President of the Cambodian People’s Party (CPP) and Cambodia’s Prime Minister Hun Sen (C), march with supporters during campaign on final day in Phnom Penh, Cambodia, July 27, 2018. REUTERS/Samrang Pring
The election will be Cambodia’s sixth since it emerged from decades of war in 1993 and critics of Hun Sen brand the vote a sham after the elimination of the main opposition party and a crackdown on independent media and dissent.
“I won’t lead the party into defeat,” Hun Sen told supporters on Friday, as they waved the blue flags of his ruling Cambodian People’s Party (CPP).
Bands sang songs praising Hun Sen, the world’s longest serving prime minister, a former Khmer Rouge commander who eventually defected from Pol Pot’s murderous regime.
The election has been criticized by the United Nations and Western countries as fundamentally flawed after the Supreme Court last year dissolved the main opposition Cambodia National Rescue Party (CNRP) over accusations of plotting to topple the government. Its leader, Kem Sokha, was imprisoned for treason.

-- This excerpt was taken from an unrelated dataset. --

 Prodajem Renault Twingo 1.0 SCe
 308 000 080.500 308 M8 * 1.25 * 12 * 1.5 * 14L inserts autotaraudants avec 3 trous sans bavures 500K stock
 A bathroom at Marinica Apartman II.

The party, which only narrowly lost the 2013 election, denied the accusation and most CNRP leaders have since fled abroad, leaving no significant competitor to Hun Sen’s party.

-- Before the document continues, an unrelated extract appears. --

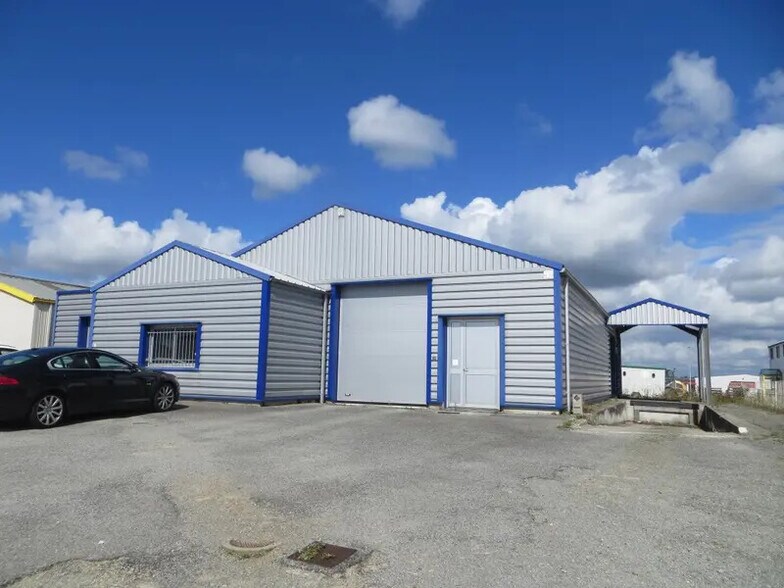 Flex in Saint-Évarzec for lease - Building Photo - Image 1 of 1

Of the 19 other parties standing on Sunday, none are strongly critical of Hun Sen or the government. Smaller parties together won less than 7 percent of the vote in 2013.
ASEAN Parliamentarians for Human Rights (APHR) warned the vote was a foregone conclusion.
“This is a farcical ritual to rubber stamp Hun Sen’s grip on power,” APHR chairman Charles Santiago, a member of the Malaysian parliament, said in a statement.
Voting is voluntary in Cambodia, so turnout will be a key test of the CPP’s legitimacy. It was nearly 70 percent in 2013.
Some exiled opposition members urged Cambodians to boycott the election and some voters told Reuters this week that they were being coerced into voting for Hun Sen’s CPP, a claim the party denies.
“People have the right to vote and not to vote and it’s illegal to force people to go to vote,” said Tep Nytha, secretary general of the National Election Committee.
About 8.3 million people have been registered to vote at 22,000 polling stations, the committee said, adding that campaigning had been smooth apart from some traffic jams.
Hun Sen, 65, told supporters his party had led Cambodia to prosperity. Once synonymous with conflict and poverty, Cambodia has been the world’s sixth fastest growing economy over the past two decades, the World Bank says. Growth of 6.9 percent is expected this year.
RULING PARTY DOMINATES
In Phnom Penh, campaigning has been dominated by the CPP, whose supporters often zip through the capital’s streets on motorbikes waving the party’s flags.
“I think there won’t be any change, it will be Samdech again,” said 19-year old Sum Davin, a student, referring to Hun Sen by his official title.
“People have only heard of one party and nobody knows the other parties,” he said, adding that he would vote despite the opposition’s boycott call.
Kem Sokha’s daughter Kem Monovithya said opposition members “simply want to use their right to show their discontent with this sham election”.
Sebastian Strangio, author of the book “Hun Sen’s Cambodia”, said condemnation from some Western governments would have little impact on Hun Sen, who has won support and billions of dollars in investment and military aid from China.
The United States has imposed visa curbs on some Cambodian government members over the crackdown and levied sanctions in June on a high-ranking official close to Hun Sen.
The European Union has threatened Cambodia with economic sanctions.
“With Western countries promising further sanctions, and Hun Sen unlikely to back down from his current course, Cambodia is set for a new era of turbulent relations with the West,” Strangio said.